STUDY MATERIAL: Begin

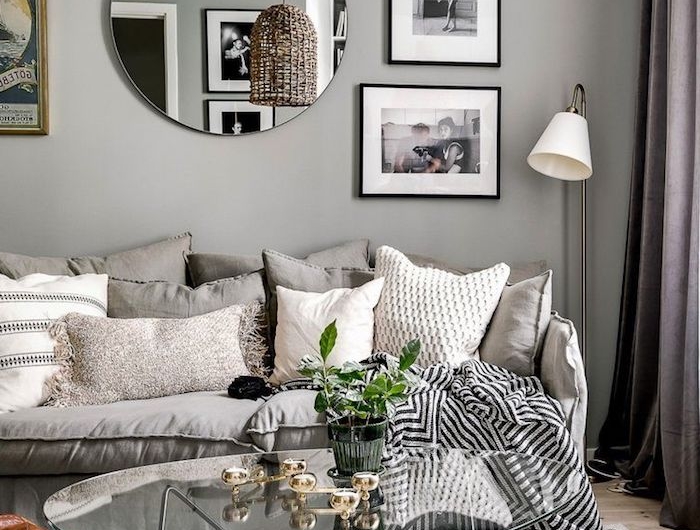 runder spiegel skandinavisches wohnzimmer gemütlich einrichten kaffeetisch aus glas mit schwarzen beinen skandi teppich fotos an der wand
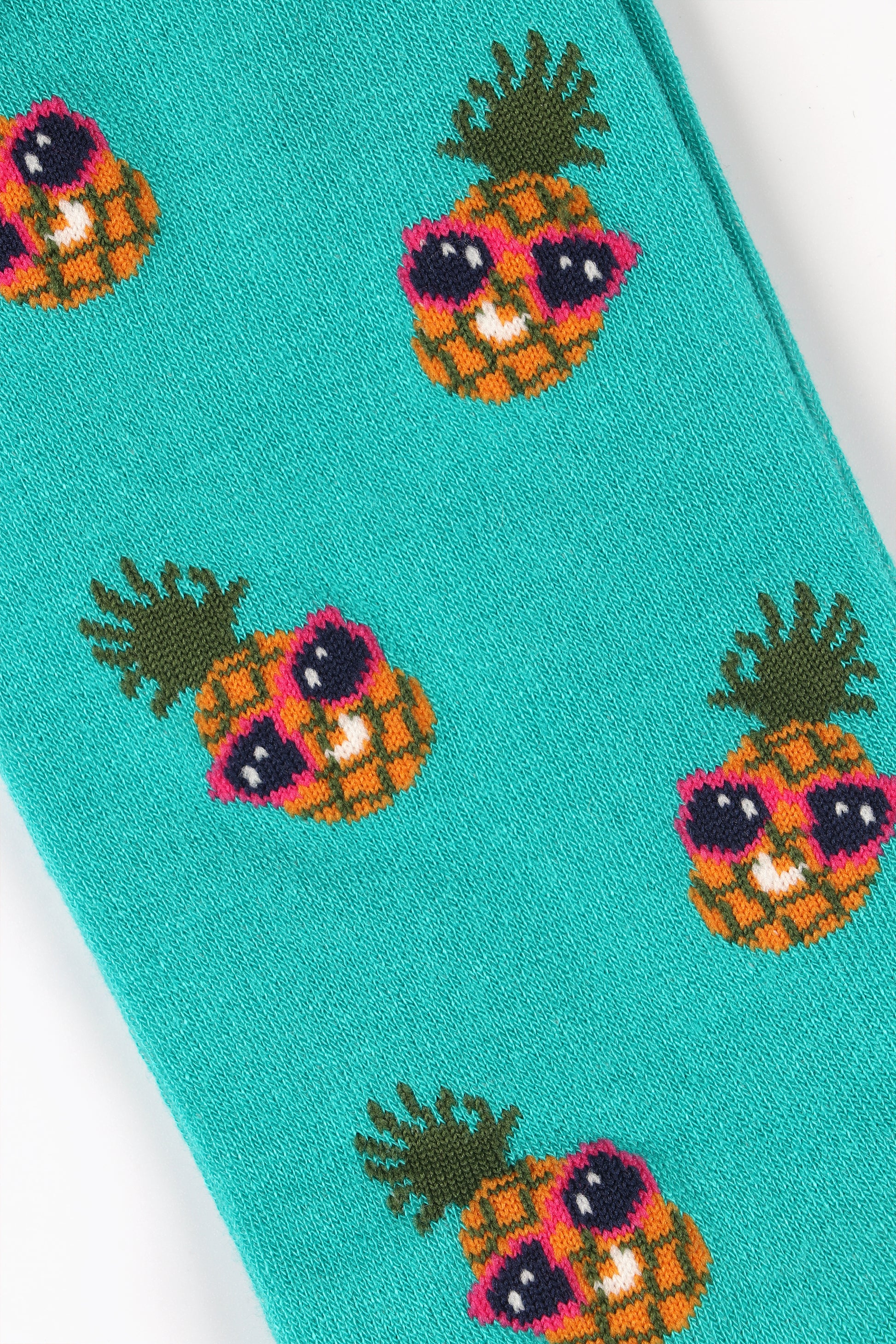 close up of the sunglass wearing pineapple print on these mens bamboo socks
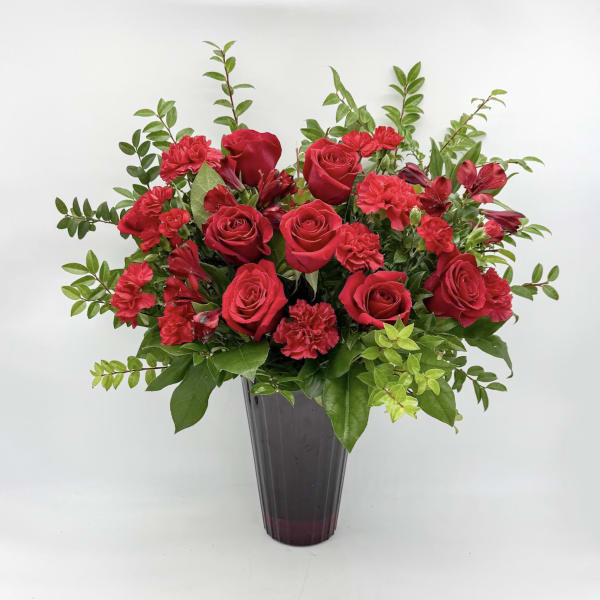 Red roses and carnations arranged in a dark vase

STUDY MATERIAL: End
STUDY MATERIAL: Begin

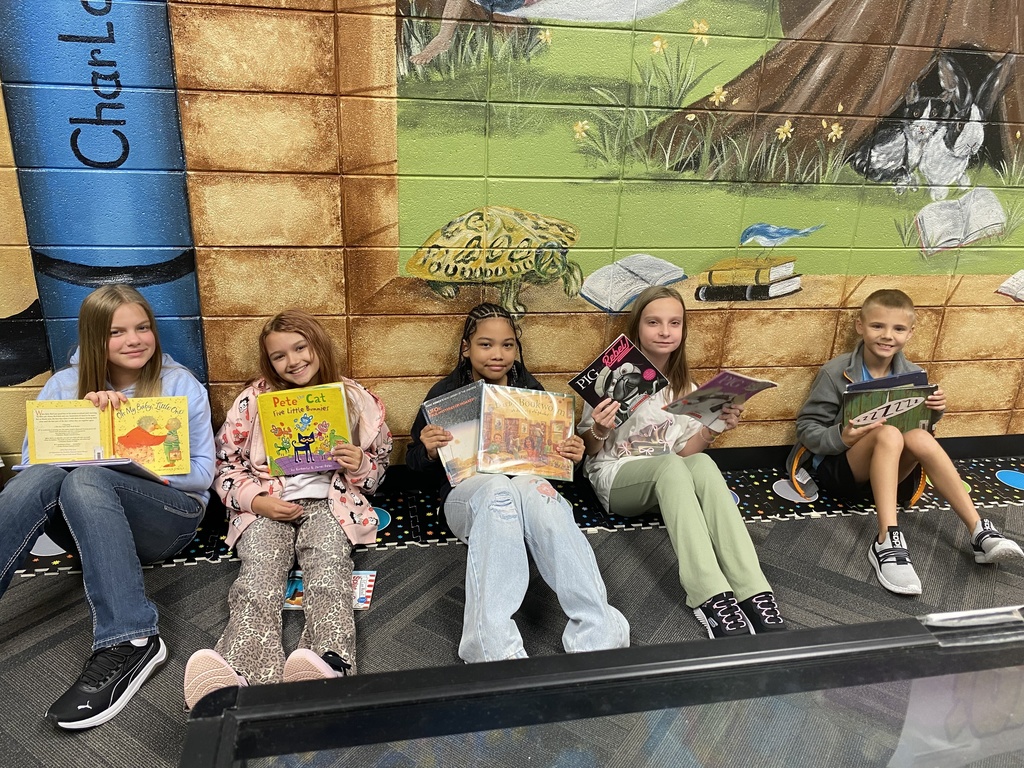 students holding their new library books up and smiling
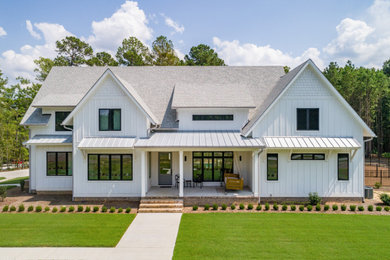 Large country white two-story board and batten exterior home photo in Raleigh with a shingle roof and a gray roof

STUDY MATERIAL: End

# EXERCISE DESCRIPTION:
Taking the entries above, copy word for word the lines from the one with "runder spiegel skandinavisches" up to and including the one with "Red roses and", without any picture.

# WORKED SOLUTION:
 runder spiegel skandinavisches wohnzimmer gemütlich einrichten kaffeetisch aus glas mit schwarzen beinen skandi teppich fotos an der wand
 close up of the sunglass wearing pineapple print on these mens bamboo socks
 Red roses and carnations arranged in a dark vase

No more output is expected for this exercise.